> Task instructions: Please retype, word for word, the line containing "Thickened Stainless Steel" and every line after it through the end of the records, leaving out all pictures.
>>>>
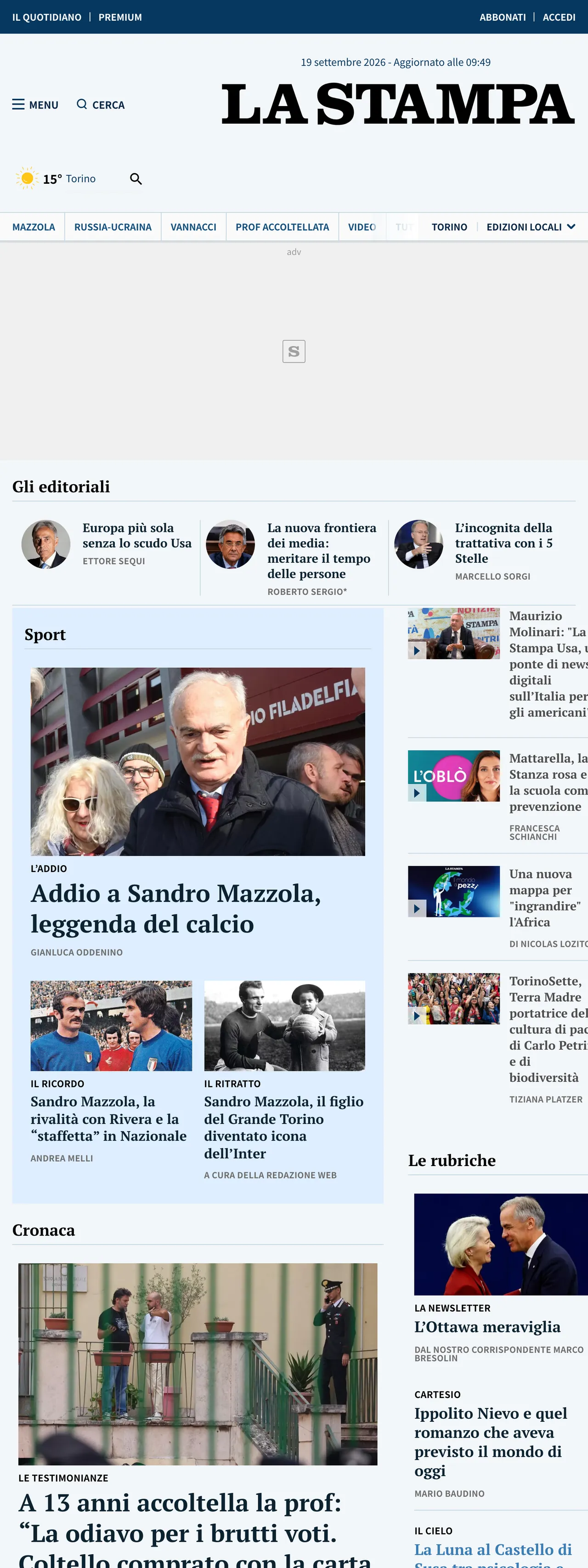 Screenshot of the La Stampa front page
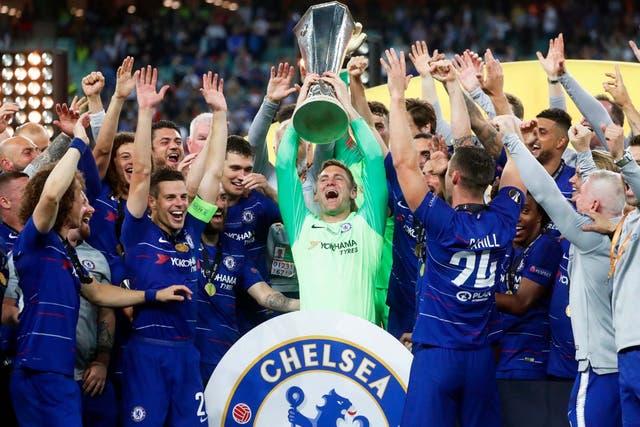 Rob Green celebrates with the Europa League trophy
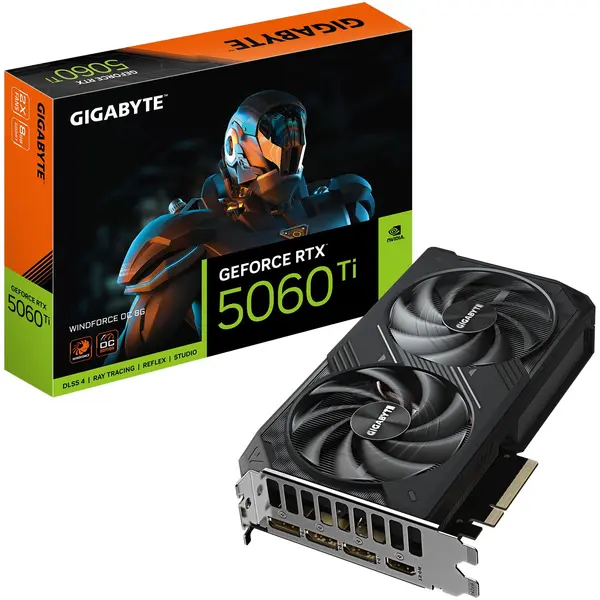 GIGABYTE GeForce RTX 5060 Ti WINDFORCE OC 8GB GDDR7 - PCIe 5.0, 3 DP + HDMI 2587 MHz, GeForce RTX 5000, Negru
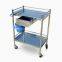 Thickened Stainless Steel with One Drawer Medical Beauty Cart Rack Hospital Nursing Treatment Trolley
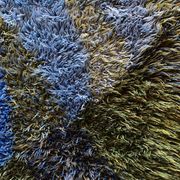 Mid-century Modern High Pile Blue Rya Rug, Sweden, 1960s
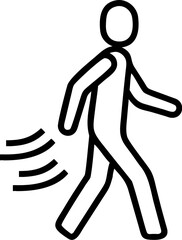 A single isolated black stroke line icon of a person walking with motion lines, representing physical activity or daily walk, monoline style, white background.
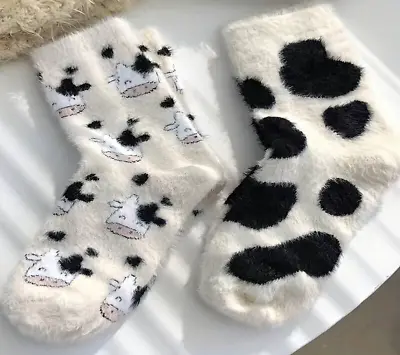 2 Pairs Of Soft Cosy Novelty Cow Printed Furry Socks One Size Girls/Women • £7.95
<<<<
> Answer to this exercise:
 Thickened Stainless Steel with One Drawer Medical Beauty Cart Rack Hospital Nursing Treatment Trolley
 Mid-century Modern High Pile Blue Rya Rug, Sweden, 1960s
 A single isolated black stroke line icon of a person walking with motion lines, representing physical activity or daily walk, monoline style, white background.
 2 Pairs Of Soft Cosy Novelty Cow Printed Furry Socks One Size Girls/Women • £7.95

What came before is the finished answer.